What is the 3-5-7 trading strategy? ›

The 3-5-7 rule in trading is a risk management guideline that suggests limiting the amount of capital you put into any single trade. According to this rule, you should not risk more than 3% of your trading capital on any one trade, no more than 5% on any one sector, and no more than 7% on all trades combined.

What is the 3-5-7 rule in the stock market? ›

What is the 3-5-7 rule in trading? The 3-5-7 rule suggests setting stop-loss limits at 3%, take-profit limits at 5%, and letting profits run to 7%.

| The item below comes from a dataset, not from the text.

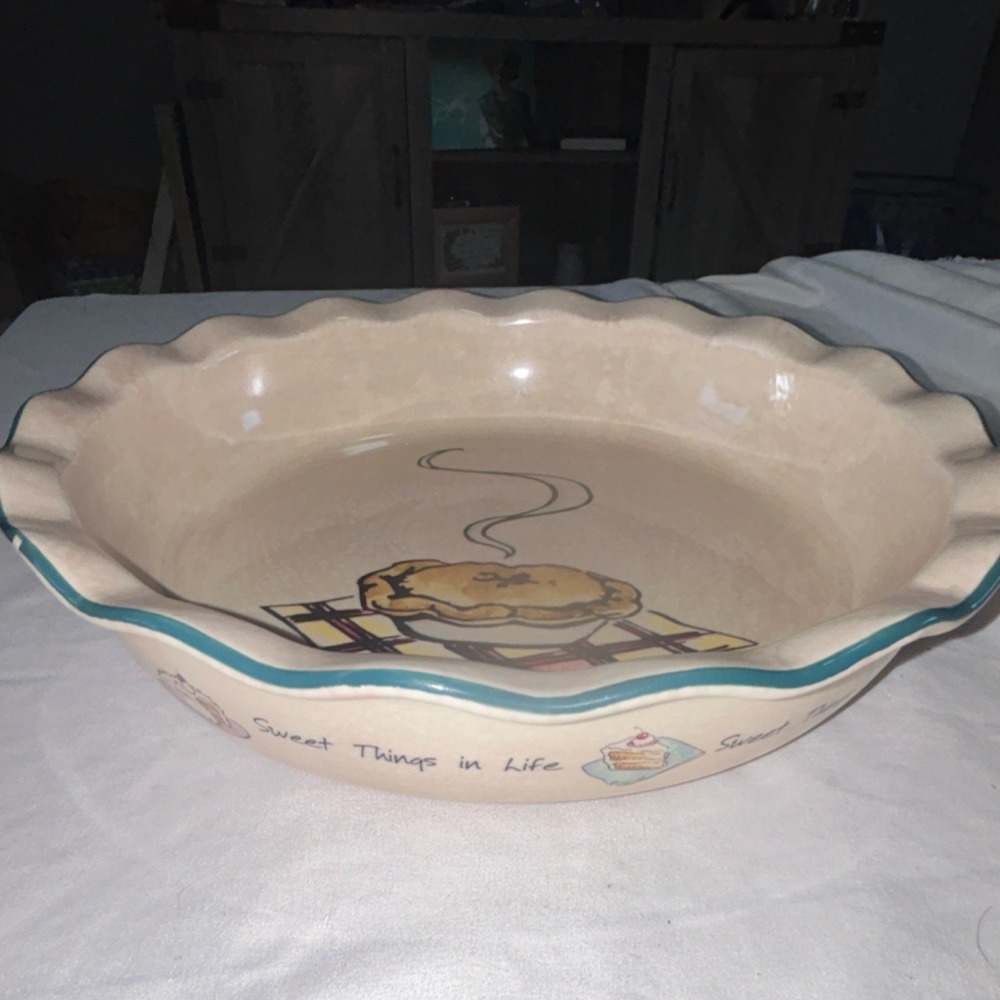 Bath & Body Works Sweet Things in Life Ceramic Scalloped Pie Dish Baker Cream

What is the 7 year doubling rule? ›

All you do is divide 72 by the fixed rate of return to get the number of years it will take for your initial investment to double. You would need to earn 10% per year to double your money in a little over seven years.

What is 90% rule in trading? ›

One of the harsh realities of trading is the “Rule of 90,” which suggests that 90% of new traders lose 90% of their starting capital within 90 days of their first trade.

What is the golden rule of stock? ›

1 – Never lose money. Let's kick it off with some timeless advice from legendary investor Warren Buffett, who said “Rule No. 1 is never lose money.

What is the 10 am rule in stock trading? ›

Some traders follow something called the "10 a.m. rule." The stock market opens for trading at 9:30 a.m., and the time between 9:30 a.m. and 10 a.m. often has significant trading volume. Traders that follow the 10 a.m. rule think a stock's price trajectory is relatively set for the day by the end of that half-hour.

Which analysis is best for long term investment? ›

Fundamental analysis is most often used when determining the quality of long-term investments in a wide array of securities and markets, while technical analysis is used more in the review of short-term investment decisions such as the active trading of stocks.

Which strategy is best for long term investment? ›

Five principles for a long-term investment strategy
  1. Match your investments to your goals. ...
  2. Spread your 'eggs' among multiple baskets. ...
  3. Don't try timing the market. ...
  4. Set up a purchase plan–and stick with it. ...
  5. Keep tabs on your progress.

What is the most accurate indicator? ›

Which indicator has the highest accuracy? The Moving Average Convergence Divergence (MACD) indicator is often considered one of the most accurate technical indicators. That is because it uses a combination of moving averages to spot potential buy and sell signals.